Harmony of the Westminster Confession and Catechisms (signed copy)(Dr. Morton Smith)
James Henley Thornwell: His Life and Letters (B.M. Palmer)
The Beauty and Glory of the Holy Spirit (Dr. Joel Beeke and Dr. Joseph Pipa)
The Covenant (Edited by Dr. Joseph Pipa nad Dr. C.N. Wilborn)
Written for Our Instruction (Edited by Dr. Joseph Pipa and J. Andrew Wortman)
Confessing Our Hope: Essays Celebrating the Life and Ministry of Morton H. Smith (Edited by Dr. Joseph Pipa and Dr. C.N> Wilborn)
Sanctification (Edited by Dr. Joseph Pipa and J. Andrew Wortman)
The Lord’s Day (Dr. Joseph Pipa)
The Confessional Presbyterian (Vol. 8)
Christianity and Competitors: The New Faces of Old Heresy (Dr. J. McGoldrick)
A Short History of the Westminster Assembly (William Beveridge)
The Presbyterian Standards (Francis Beattie)
Did God Create in Six Days? (Edited by Dr.
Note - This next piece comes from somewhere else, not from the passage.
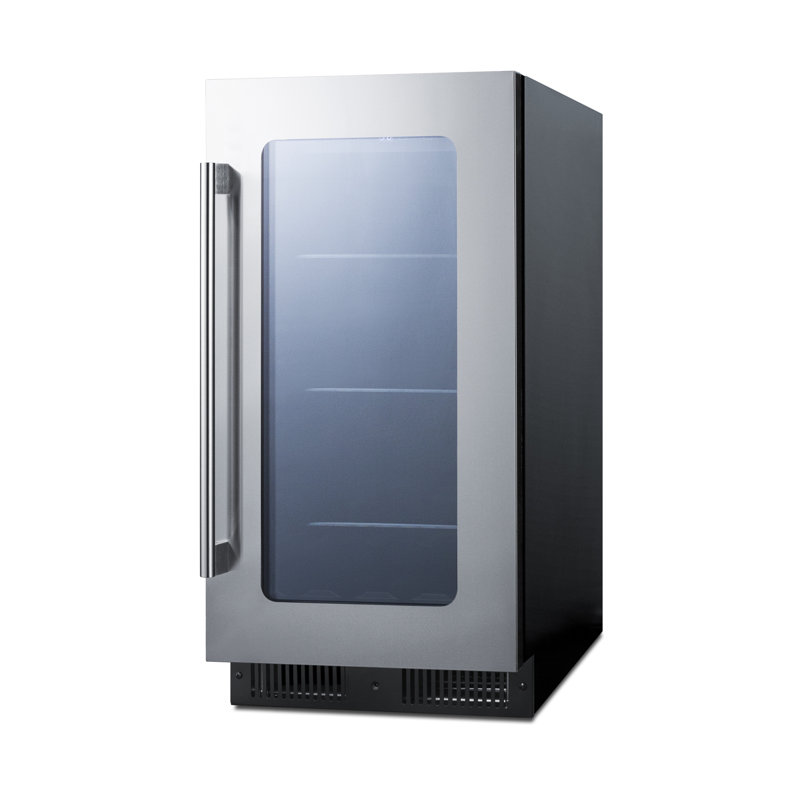 Summit Appiance 18" Wide Built-In Beverage Center, Right Handed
Joseph Pipa and Dr. David Hall)
A Christian Worldview: Essays from a Reformed Perspective (Edited by Dr. C.N. Wilborn)
How Is the Gold Become Dim: The Decline of the Presbyterian Church U.S. As Reflected in Its Assembly Actions (Dr. Morton Smith)
Essays on the Church of God (John Mitchell Mason)
Notes on Ecclesiology (Thomas E. Peck)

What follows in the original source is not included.